EXCERPTED DATA:

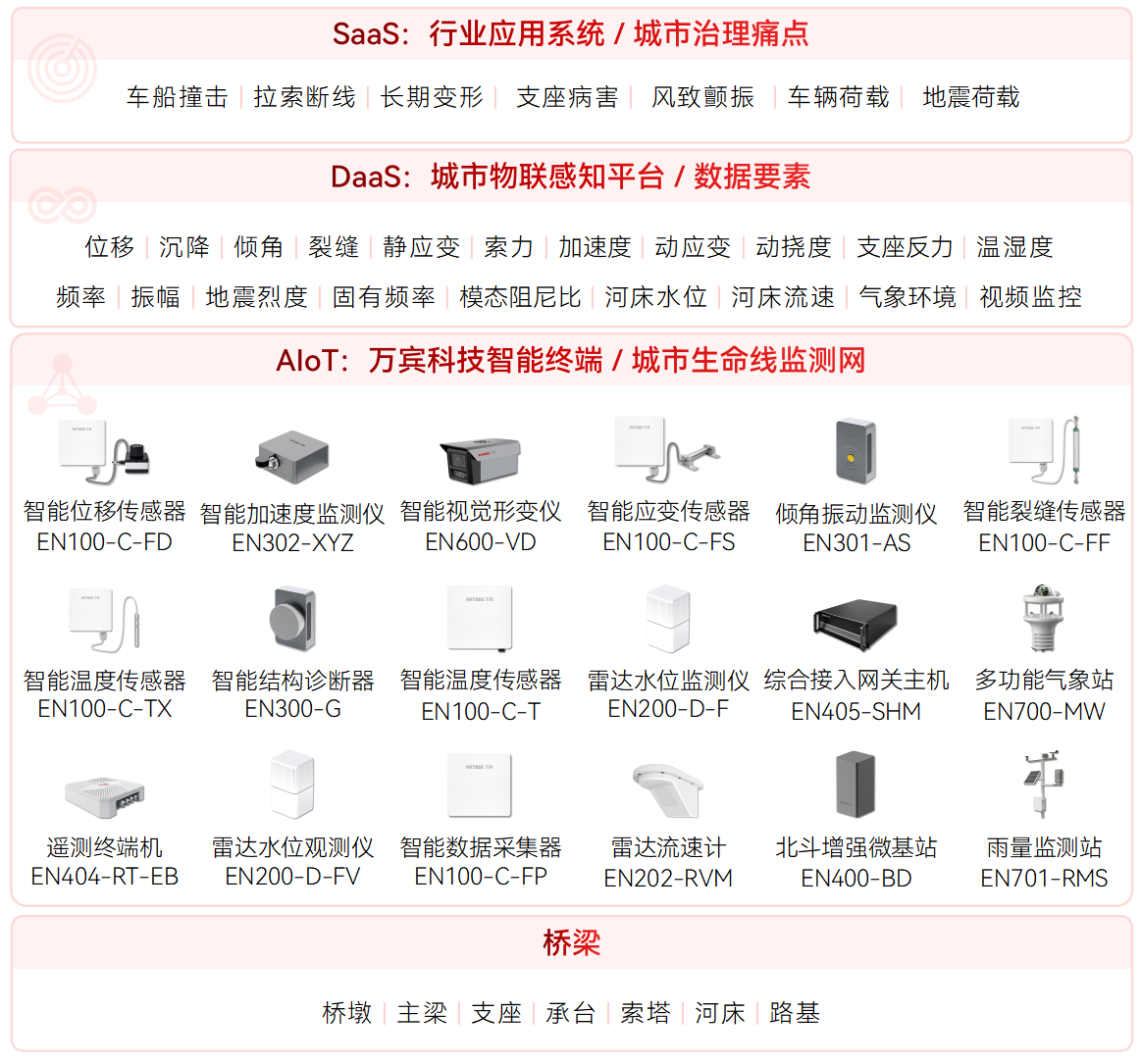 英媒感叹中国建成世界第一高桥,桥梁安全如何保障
---
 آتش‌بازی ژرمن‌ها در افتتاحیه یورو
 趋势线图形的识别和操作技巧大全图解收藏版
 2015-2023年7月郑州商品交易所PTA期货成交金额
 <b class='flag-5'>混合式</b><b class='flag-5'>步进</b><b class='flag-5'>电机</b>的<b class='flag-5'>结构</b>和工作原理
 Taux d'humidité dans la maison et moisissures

WORK TASK:
Beginning with the line containing "2015-2023年7月郑州商品交易所PTA期货成交金额" and ending with the line containing "Taux d'humidité dans", extract those lines exactly from the listing above, and only those.

WRITTEN RESPONSE:
 2015-2023年7月郑州商品交易所PTA期货成交金额
 <b class='flag-5'>混合式</b><b class='flag-5'>步进</b><b class='flag-5'>电机</b>的<b class='flag-5'>结构</b>和工作原理
 Taux d'humidité dans la maison et moisissures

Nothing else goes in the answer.